CloudXR Input System

With CloudXR 4.0, the system for sending input events on the client to a server has been rewritten from scratch, with a design eye towards industry standards. From the code reference, see cxrAddController(), cxrFireControllerEvents(), and cxrRemoveController().

Note

All devices/clients must use the new input system, the older code and structures no longer exist in the CloudXR 4.0 release.

We have of course updated the SteamVR driver to the new system and tested it thoroughly with top applications to ensure SteamVR mapping/profiles are wired properly, and applications with complex profiles like Half-Life: Alyx are completely functional compared to CloudXR 3.x.

In addition, the new experimental Server Sample was designed around the new system, having a set of actions it can bind, the master list of all possible inputs it supports, and a profile system that manages mapping client inputs to server actions. If this all sounds familiar, it should as above we designed it with future clients and servers in mind. While developed in concert with the Quest client revision, it should work for all clients – though it may have limits to functionality depending on the client.

In the new system, you first register a ‘new’ controller (that you haven’t ‘seen’ yet, and haven’t registered yet) with the server via cxrAddController(). You pass in a cxrControllerDesc that describes the controller for the server:

1. A numeric identifier, currently must be 0 for left controller and 1 for right controller. Can be anything for other input devices.

2. A string defining its ‘role’. For default controllers, we chose a custom URI of “cxr://input/hand/left” and “cxr://input/hand/right”, as our input paths don’t currently require hand naming in the path. For other input devices, it can be whatever identifies its use.

3. The product name of the controller, used to identify a visual model and profile bindings.

4. A count of inputs, a table of input paths, and a table of data types per input, that overall defines what inputs the controller can and will produce.

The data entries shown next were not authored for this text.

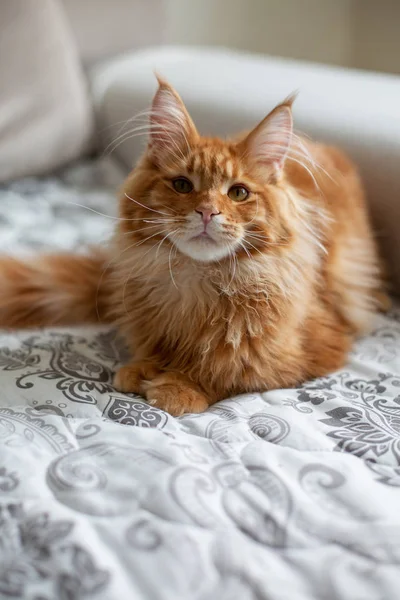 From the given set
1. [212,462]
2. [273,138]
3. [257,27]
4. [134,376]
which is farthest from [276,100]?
[257,27]

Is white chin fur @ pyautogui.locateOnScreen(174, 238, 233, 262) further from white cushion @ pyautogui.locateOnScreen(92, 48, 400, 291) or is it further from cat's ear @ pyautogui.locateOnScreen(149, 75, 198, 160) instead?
white cushion @ pyautogui.locateOnScreen(92, 48, 400, 291)

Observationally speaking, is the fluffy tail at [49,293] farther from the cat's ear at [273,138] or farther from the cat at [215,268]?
the cat's ear at [273,138]

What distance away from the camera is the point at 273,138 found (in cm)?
128

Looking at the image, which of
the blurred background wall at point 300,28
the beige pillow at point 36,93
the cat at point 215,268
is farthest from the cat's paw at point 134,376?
the blurred background wall at point 300,28

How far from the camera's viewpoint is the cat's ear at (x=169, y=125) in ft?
4.19

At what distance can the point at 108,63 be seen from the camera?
8.18 feet

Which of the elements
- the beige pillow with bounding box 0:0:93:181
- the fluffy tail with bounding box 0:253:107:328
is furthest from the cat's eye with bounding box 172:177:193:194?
the beige pillow with bounding box 0:0:93:181

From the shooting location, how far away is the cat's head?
1200mm

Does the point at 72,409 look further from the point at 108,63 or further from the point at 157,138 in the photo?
the point at 108,63

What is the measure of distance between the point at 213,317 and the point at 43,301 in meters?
0.47

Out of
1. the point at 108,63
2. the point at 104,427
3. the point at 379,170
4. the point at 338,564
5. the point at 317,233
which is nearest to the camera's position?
the point at 338,564

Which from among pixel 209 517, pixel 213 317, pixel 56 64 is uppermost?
pixel 56 64

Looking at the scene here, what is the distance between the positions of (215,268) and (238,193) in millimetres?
155

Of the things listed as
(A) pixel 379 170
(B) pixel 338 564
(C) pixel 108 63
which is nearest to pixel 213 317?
(B) pixel 338 564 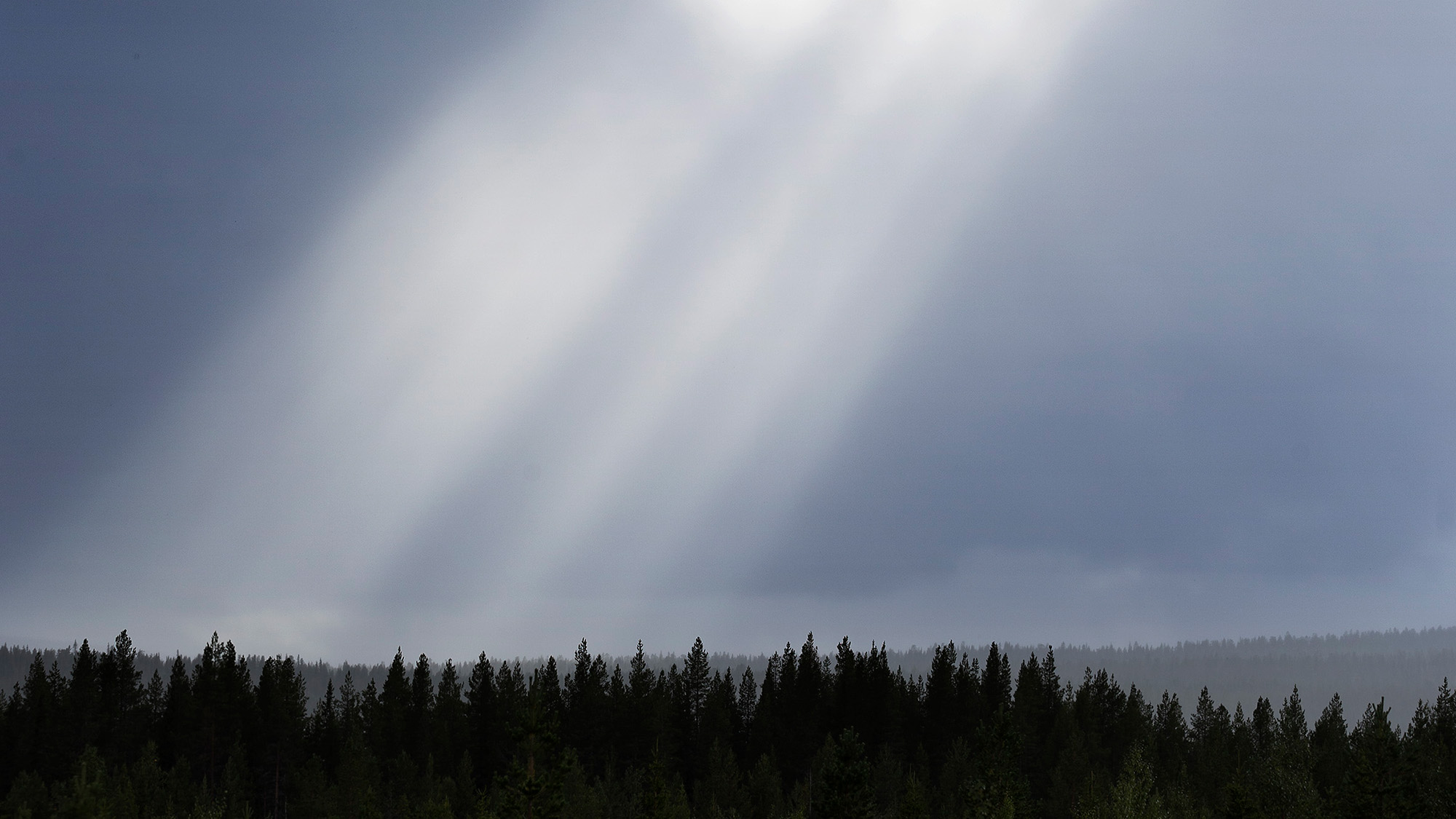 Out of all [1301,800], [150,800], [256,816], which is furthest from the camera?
[256,816]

The master list of input paths supported by the provided SteamVR server driver and the experimental Sample Server is:

static const char* inputPathsGeneric[] =
{
   "/input/system/click",
   "/input/application_menu/click",
   "/input/trigger/click",
   "/input/trigger/touch",
   "/input/trigger/value",
   "/input/trackpad/click", // valve and htc have trackpads on PC HMDs.
   "/input/trackpad/touch",
   "/input/trackpad/x",
   "/input/trackpad/y",
   "/input/joystick/click", // oculus steam driver historically uses 'joystick' term
   "/input/joystick/touch",
   "/input/joystick/x",
   "/input/joystick/y",
   "/input/x/click",
   "/input/y/click",
   "/input/a/click",
   "/input/b/click",
   "/input/x/touch",
   "/input/y/touch",
   "/input/a/touch",
   "/input/b/touch",
   "/input/thumb_rest/touch",
   "/input/grip/click",
   "/input/grip/touch",
   "/input/grip/value",
   "/input/grip/force",
   "/input/thumbstick/click", // valve steam driver historically uses 'thumbstick' term
   "/input/thumbstick/touch",
   "/input/thumbstick/x",
   "/input/thumbstick/y",
};

Note

For a full example of the new system in code, look at the Oculus client sample, as it shows a reasonable approach to implementing support for the new controller/input system. It registers controllers on the fly when first detected as active, providing the appropriate array of input paths. And when polling controllers for input status, it generates an array of cxrControllerEvent, which takes the input path index and a union of different format data (boolean, integer, float), and when finished it calls cxrFireControllerEvents() to send the input event list to the server.

Rendering Streaming Video

Frame Acquire

To determine whether there is an available video frame, call cxrLatchFrame() to attempt to acquire the next frame(s) in order. The first parameter of interest is the cxrFramesLatched structure, which needs to have a scope so that it will exist until the rendering is complete. After being returned, it is populated with information about the frame(s) that have been acquired.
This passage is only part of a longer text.